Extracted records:
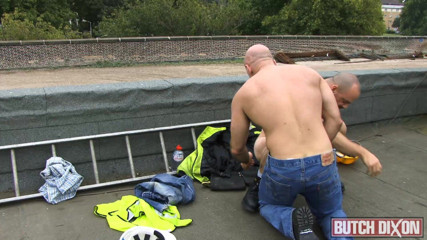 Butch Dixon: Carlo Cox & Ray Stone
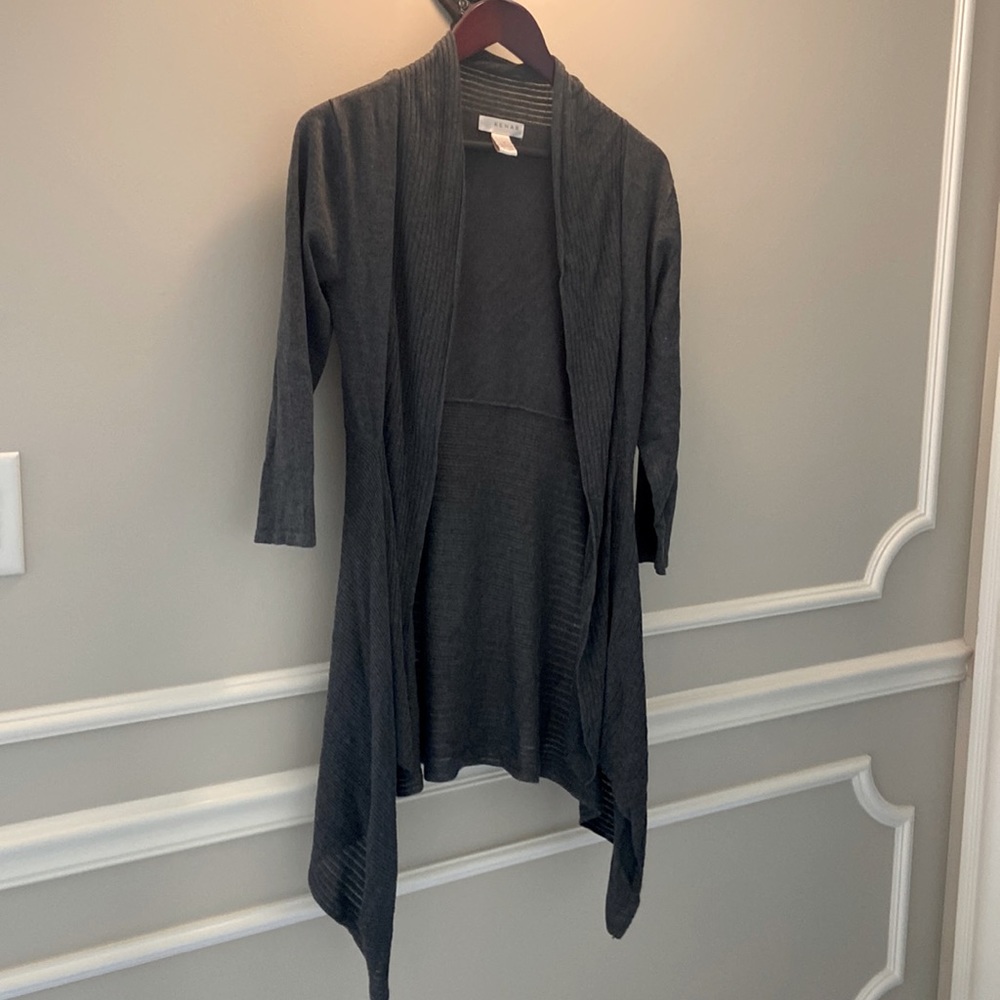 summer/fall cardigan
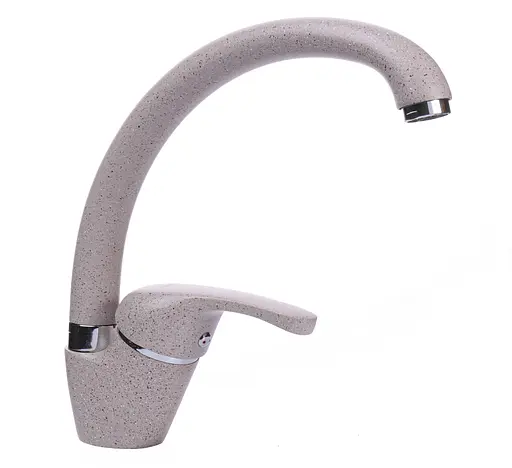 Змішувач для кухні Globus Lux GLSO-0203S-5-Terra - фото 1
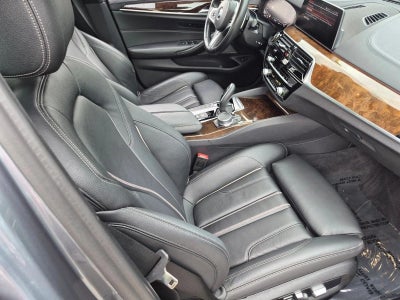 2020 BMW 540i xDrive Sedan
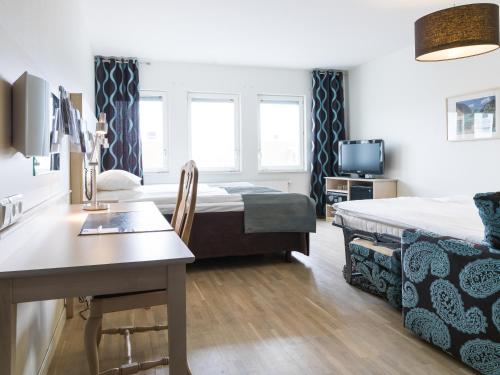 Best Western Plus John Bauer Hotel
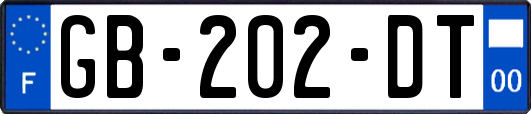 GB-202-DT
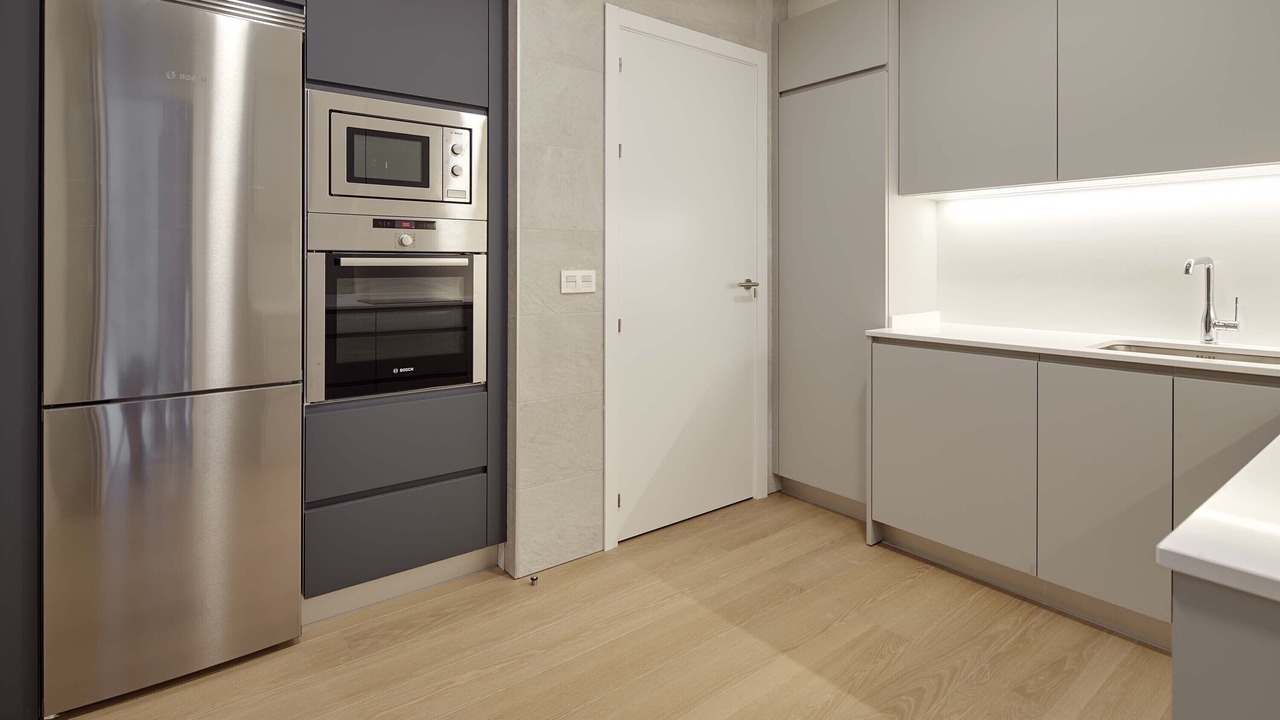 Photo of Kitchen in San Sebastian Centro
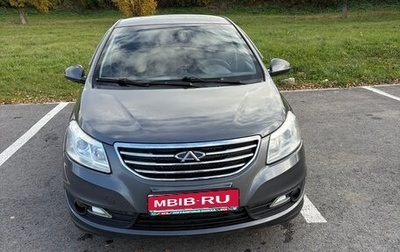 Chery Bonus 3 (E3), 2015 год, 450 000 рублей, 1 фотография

Exercise aim> Omit the pictures and retype exactly the lines from the one containing "Photo of Kitchen in San Sebastian Centro" through the end of the entries above.

Solution to this task>
 Photo of Kitchen in San Sebastian Centro
 Chery Bonus 3 (E3), 2015 год, 450 000 рублей, 1 фотография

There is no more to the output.